Given information:
★ ★ ★ ★ ★

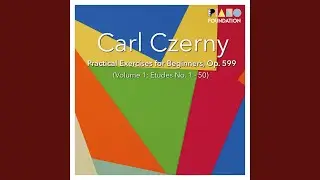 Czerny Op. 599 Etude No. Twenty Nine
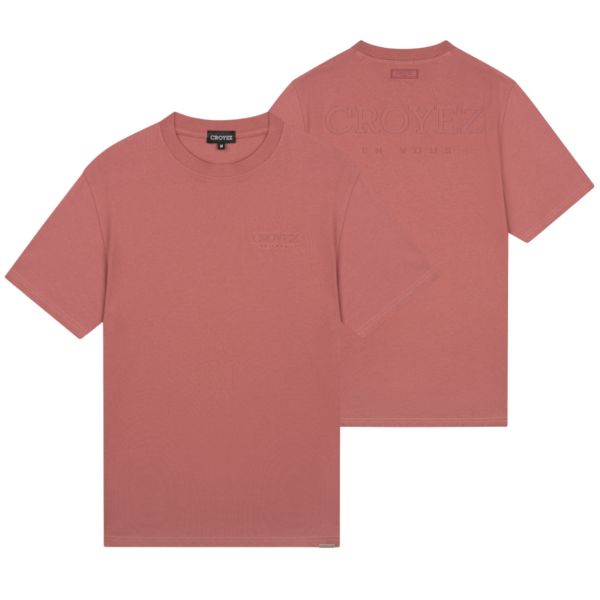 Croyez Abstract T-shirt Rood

★ ★ ★ ★ ★

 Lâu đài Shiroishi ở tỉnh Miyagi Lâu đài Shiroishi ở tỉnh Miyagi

★ ★ ★ ★ ★

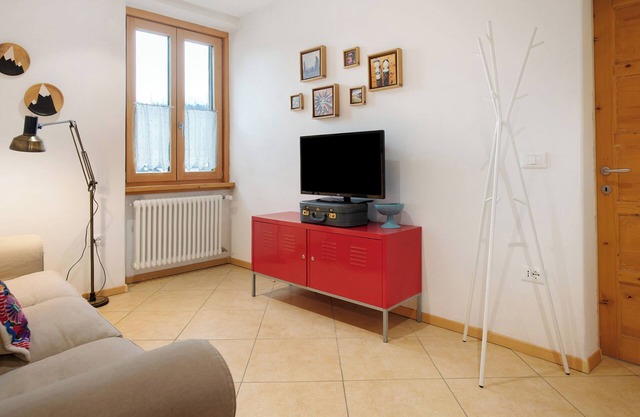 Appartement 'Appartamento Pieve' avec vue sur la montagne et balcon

★ ★ ★ ★ ★

What the task asks: Your answer is the exact run of lines above from the one with "Czerny Op. 599 Etude No. Twenty Nine" through the one with "Croyez Abstract T-shirt Rood", both ends included, minus any picture.

Exercise response:
 Czerny Op. 599 Etude No. Twenty Nine
 Croyez Abstract T-shirt Rood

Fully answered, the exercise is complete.